◆ Work instructions ◆
The records that follow are to be given again exactly, with their pictures omitted.

◆ Data section ◆
------
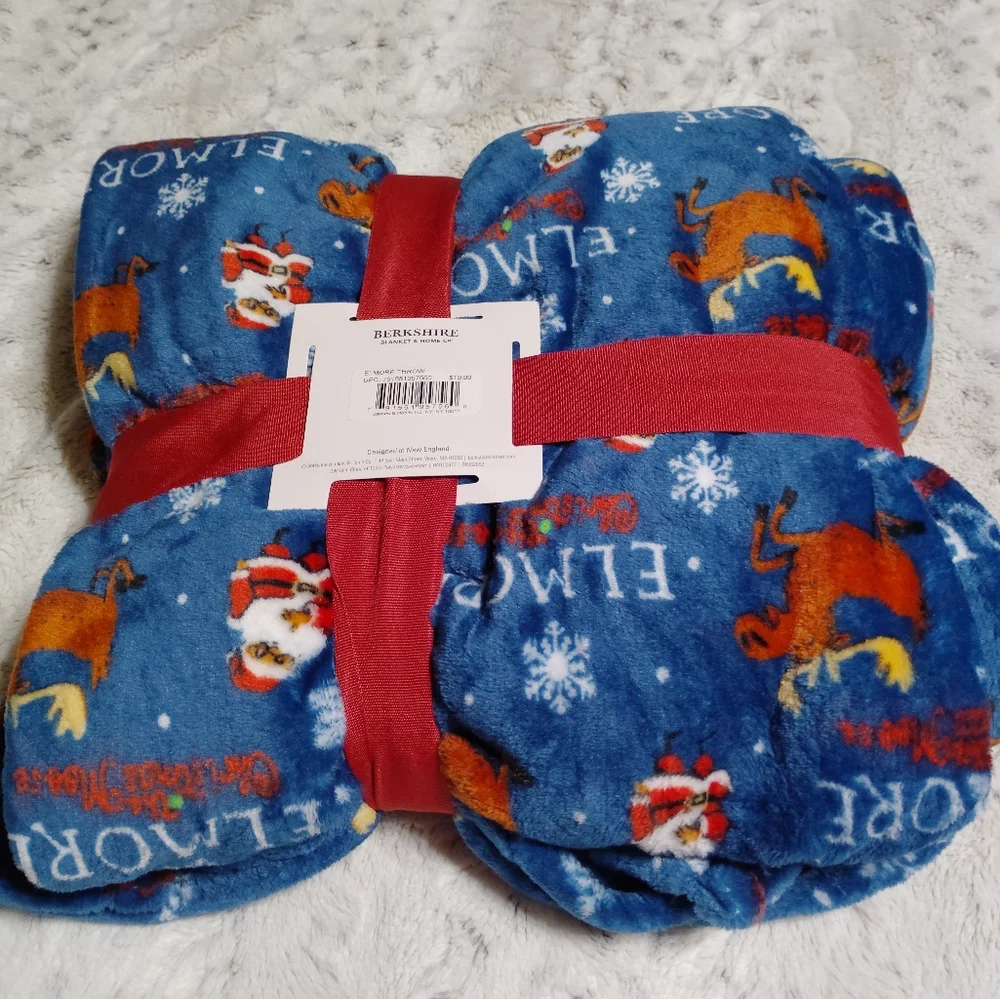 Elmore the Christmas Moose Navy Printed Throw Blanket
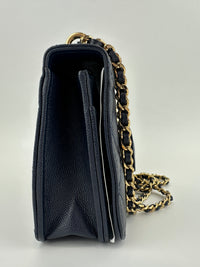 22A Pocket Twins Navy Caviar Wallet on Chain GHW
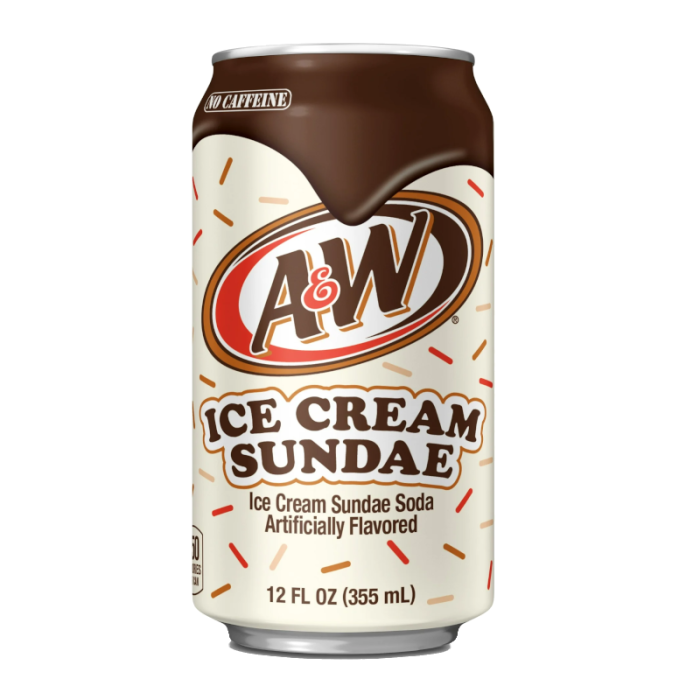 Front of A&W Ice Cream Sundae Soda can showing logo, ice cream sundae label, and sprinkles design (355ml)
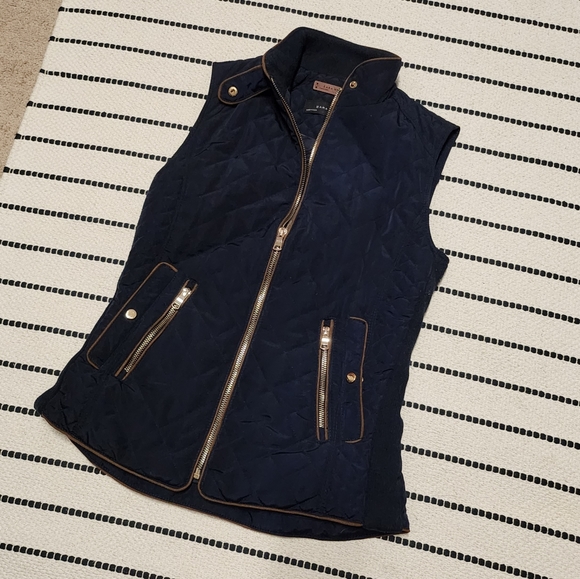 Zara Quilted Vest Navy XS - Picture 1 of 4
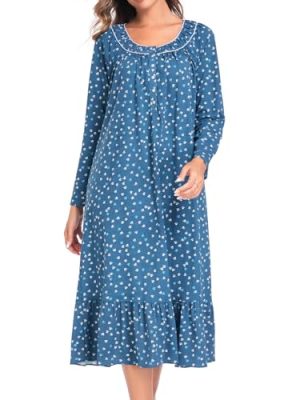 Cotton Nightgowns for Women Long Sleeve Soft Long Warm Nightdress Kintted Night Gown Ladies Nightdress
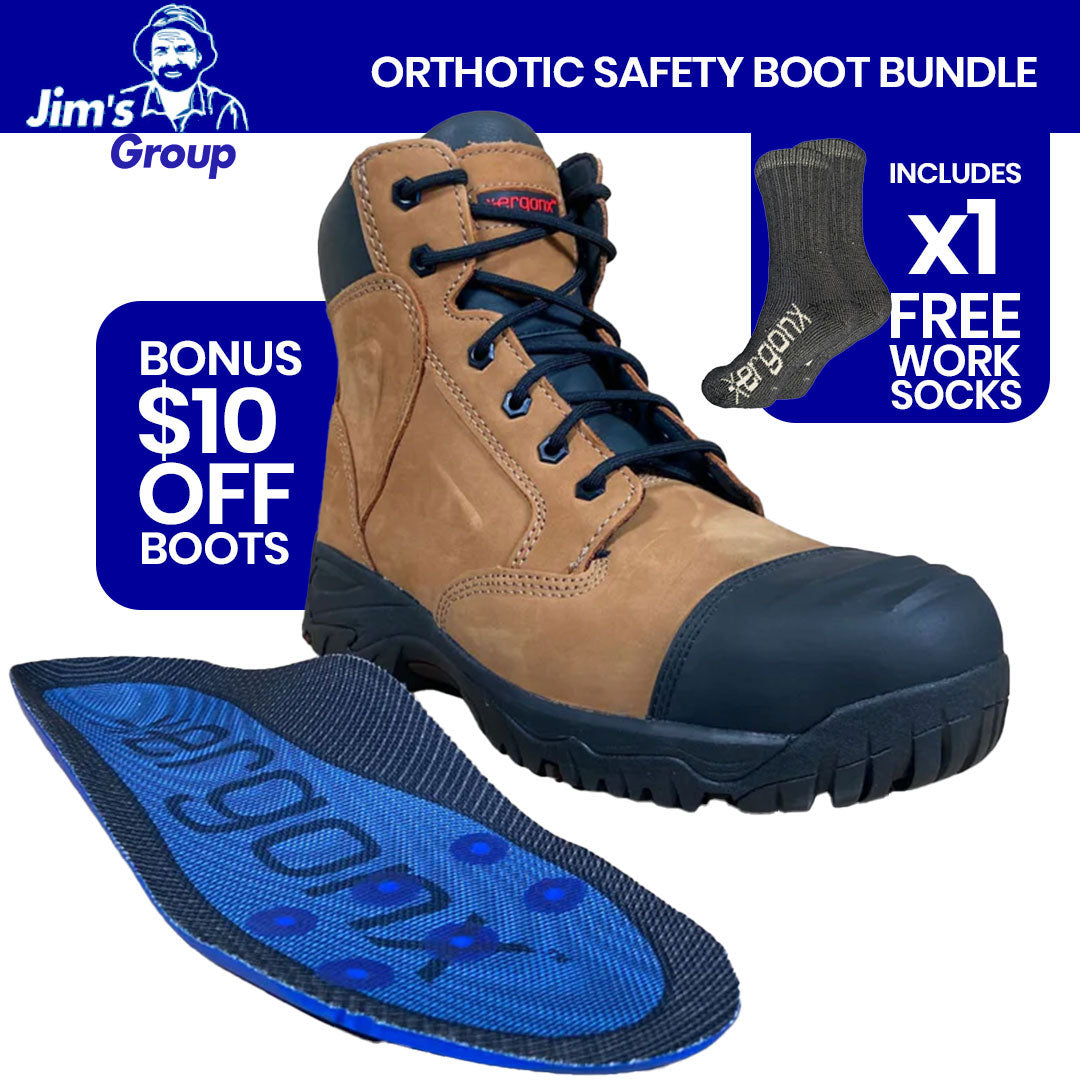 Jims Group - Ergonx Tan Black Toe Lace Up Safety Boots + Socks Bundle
------
◆ Result for this exercise ◆
 Elmore the Christmas Moose Navy Printed Throw Blanket
 22A Pocket Twins Navy Caviar Wallet on Chain GHW
 Front of A&W Ice Cream Sundae Soda can showing logo, ice cream sundae label, and sprinkles design (355ml)
 Zara Quilted Vest Navy XS - Picture 1 of 4
 Cotton Nightgowns for Women Long Sleeve Soft Long Warm Nightdress Kintted Night Gown Ladies Nightdress
 Jims Group - Ergonx Tan Black Toe Lace Up Safety Boots + Socks Bundle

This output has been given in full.